In re D.D.

2019 Ohio 2073
CourtOhio Court of Appeals
DecidedMay 28, 2019
Docket12-18-13
StatusPublished
Cited by1 cases

This text of 2019 Ohio 2073 (In re D.D.) is published on Counsel Stack Legal Research, covering Ohio Court of Appeals primary law. Counsel Stack provides free access to over 12 million legal documents including statutes, case law, regulations, and constitutions.

Bluebook
In re D.D., 2019 Ohio 2073 (Ohio Ct. App. 2019).

Opinion

[Cite as In re D.D., 2019-Ohio-2073.]

IN THE COURT OF APPEALS OF OHIO THIRD APPELLATE DISTRICT PUTNAM COUNTY

IN RE: CASE NO. 12-18-13 D.D. OPINION ADJUDICATED DELINQUENT CHILD.

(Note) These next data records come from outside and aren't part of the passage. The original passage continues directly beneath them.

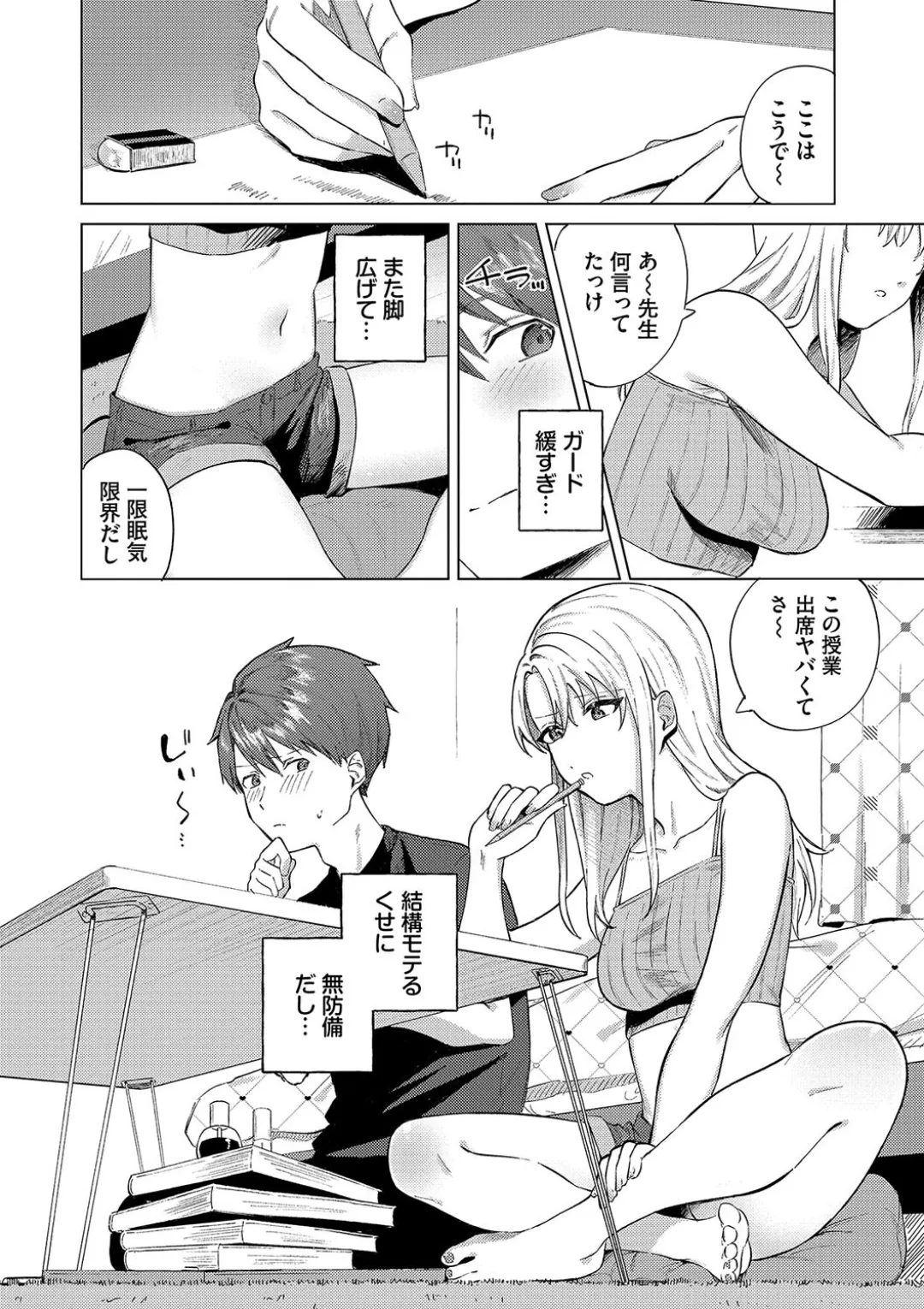 【エロ漫画】初めてのエッチにドキドキしちゃう彼女…乳首責めや手マンをされてチアのコスプレで中出し絶頂イキしちゃう【煤雲なぎ：ひめてふれて】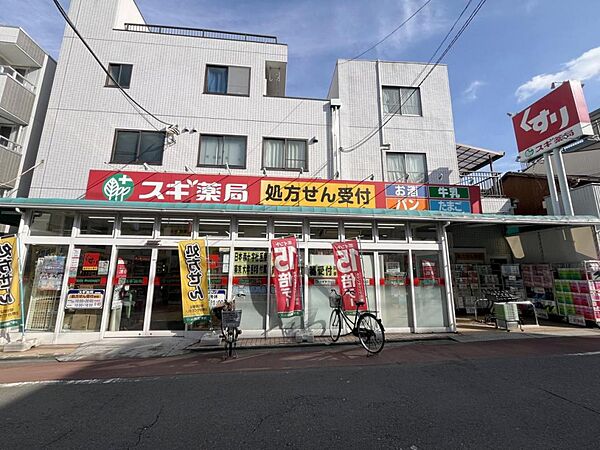 スギドラッグ 南大井店（541ｍ）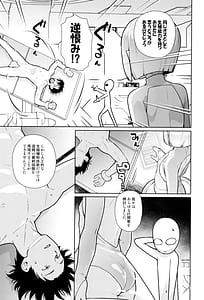 Page 9: 008.jpg | Uchuujin Hanako | View Page!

Appeal from Putnam County Common Pleas Court Juvenile Division Trial Court No. 20172097

Judgment Reversed and Cause Remanded

Date of Decision: May 28, 2019

APPEARANCES:

Lauren Hammersmith for Appellant

Katherine G. Porter for Appellee Case No 12-18-13

PRESTON, J.

{¶1} Appellant, D.D., a minor child, appeals the October 11, 2018 judgment

of the Putnam County Common Pleas Court, Juvenile Division, denying his motion

to withdraw his admission. For the reasons that follow, we reverse.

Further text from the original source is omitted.